An enlightening analysis of the research literature by Woodman and Hardy found that cognitive anxiety and self-confidence are significantly related to performance. Interestingly, cognitive anxiety appears to affect performance among men more than women and interferes with performance much more for high standard tasks than for tasks with low standards. It is not difficult to see how, given these findings, perfectionism can be so deadly to trading results. By raising the psychological bar to success, we create performance pressures for ourselves that ironically inhibit performance.
Their research, however, found that self-confidence bears a stronger relationship to performance than anxiety. Once again, this effect was stronger for men and for high standard performance tasks. It thus appears that one need not have a huge level of self-confidence to achieve a task with a low standard of success, but when the challenge is raised, self-confidence becomes important to performance.

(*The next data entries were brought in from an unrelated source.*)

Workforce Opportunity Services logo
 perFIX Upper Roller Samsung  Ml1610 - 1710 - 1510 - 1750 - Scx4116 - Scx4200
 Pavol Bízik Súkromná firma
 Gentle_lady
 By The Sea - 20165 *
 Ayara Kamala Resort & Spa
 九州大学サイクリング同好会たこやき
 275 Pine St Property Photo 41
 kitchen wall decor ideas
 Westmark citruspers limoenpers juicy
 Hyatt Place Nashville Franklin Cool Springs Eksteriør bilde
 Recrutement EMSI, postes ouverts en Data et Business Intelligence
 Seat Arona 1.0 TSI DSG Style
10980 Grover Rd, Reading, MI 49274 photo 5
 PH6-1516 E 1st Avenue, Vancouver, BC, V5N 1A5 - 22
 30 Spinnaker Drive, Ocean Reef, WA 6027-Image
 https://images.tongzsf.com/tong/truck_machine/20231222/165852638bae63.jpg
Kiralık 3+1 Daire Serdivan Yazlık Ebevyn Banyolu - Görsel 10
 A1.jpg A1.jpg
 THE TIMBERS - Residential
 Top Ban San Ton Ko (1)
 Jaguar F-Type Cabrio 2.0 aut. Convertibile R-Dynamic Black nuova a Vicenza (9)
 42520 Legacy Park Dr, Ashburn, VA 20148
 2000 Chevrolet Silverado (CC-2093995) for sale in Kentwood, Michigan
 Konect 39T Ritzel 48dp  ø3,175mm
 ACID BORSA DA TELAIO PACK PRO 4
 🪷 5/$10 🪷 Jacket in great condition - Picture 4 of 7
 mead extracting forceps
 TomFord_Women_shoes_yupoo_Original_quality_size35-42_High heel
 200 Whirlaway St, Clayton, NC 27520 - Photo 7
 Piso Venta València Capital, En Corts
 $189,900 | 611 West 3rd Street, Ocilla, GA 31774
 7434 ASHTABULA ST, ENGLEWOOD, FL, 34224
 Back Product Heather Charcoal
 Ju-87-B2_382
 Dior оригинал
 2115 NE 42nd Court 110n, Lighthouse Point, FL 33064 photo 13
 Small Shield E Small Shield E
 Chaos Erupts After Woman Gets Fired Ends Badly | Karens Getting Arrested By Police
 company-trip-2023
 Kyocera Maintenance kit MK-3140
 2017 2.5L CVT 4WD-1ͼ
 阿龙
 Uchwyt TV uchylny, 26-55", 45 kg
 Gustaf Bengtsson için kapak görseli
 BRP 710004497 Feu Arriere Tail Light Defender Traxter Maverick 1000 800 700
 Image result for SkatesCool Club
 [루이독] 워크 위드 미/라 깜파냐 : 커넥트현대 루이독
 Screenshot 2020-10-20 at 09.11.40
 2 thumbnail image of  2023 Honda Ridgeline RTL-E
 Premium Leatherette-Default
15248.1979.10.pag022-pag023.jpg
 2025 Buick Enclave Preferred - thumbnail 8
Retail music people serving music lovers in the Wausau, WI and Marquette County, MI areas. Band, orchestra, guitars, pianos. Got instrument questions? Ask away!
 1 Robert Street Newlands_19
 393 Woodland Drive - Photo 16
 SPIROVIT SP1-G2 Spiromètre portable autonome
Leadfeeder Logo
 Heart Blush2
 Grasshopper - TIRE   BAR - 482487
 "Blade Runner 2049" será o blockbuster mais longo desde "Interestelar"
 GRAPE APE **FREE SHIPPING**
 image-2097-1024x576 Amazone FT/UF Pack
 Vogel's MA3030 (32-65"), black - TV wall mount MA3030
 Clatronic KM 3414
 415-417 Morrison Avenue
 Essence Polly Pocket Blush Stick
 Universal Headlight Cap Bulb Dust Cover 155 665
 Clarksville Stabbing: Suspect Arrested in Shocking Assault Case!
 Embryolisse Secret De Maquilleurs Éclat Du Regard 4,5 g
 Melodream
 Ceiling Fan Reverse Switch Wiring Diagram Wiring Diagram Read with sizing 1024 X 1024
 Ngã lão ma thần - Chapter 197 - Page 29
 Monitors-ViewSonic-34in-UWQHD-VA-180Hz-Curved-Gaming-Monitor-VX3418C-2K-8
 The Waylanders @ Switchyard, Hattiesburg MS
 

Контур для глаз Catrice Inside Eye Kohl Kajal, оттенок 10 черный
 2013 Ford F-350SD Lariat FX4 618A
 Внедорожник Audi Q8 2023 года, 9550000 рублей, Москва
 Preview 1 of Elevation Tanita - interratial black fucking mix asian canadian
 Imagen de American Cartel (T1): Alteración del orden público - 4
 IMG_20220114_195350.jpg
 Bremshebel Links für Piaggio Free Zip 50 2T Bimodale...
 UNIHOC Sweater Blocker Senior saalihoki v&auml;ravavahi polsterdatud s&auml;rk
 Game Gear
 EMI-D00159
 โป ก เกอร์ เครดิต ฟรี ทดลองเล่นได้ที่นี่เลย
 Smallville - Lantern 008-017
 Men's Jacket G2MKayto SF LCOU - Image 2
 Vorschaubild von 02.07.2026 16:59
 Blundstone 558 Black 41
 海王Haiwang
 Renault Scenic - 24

Importantly, these were measures of *state* anxiety and self-confidence, not trait measures. In other words, one could have modest levels of anxiety and generous levels of self-confidence in daily life, but if one's current state is anxious and self-doubting, performance will be at risk.
Why might these findings be more significant for men than women? Perhaps it is because men are more likely to judge themselves and attach their self-worth to their performances. If that is true, strategies to put performances into perspective--to divorce the ego from short-term results--should be helpful even when anxiety and self-doubt are present.
One interesting study asked students to toss nerf balls into a garbage can. Half the students received negative feedback prior to the task; the other half received positive feedback. The negative feedback group performed significantly worse than the positive feedback group. Think about how markets always give us feedback about our positions and how this might affect our state levels of self-confidence, anxiety--and ultimately performance.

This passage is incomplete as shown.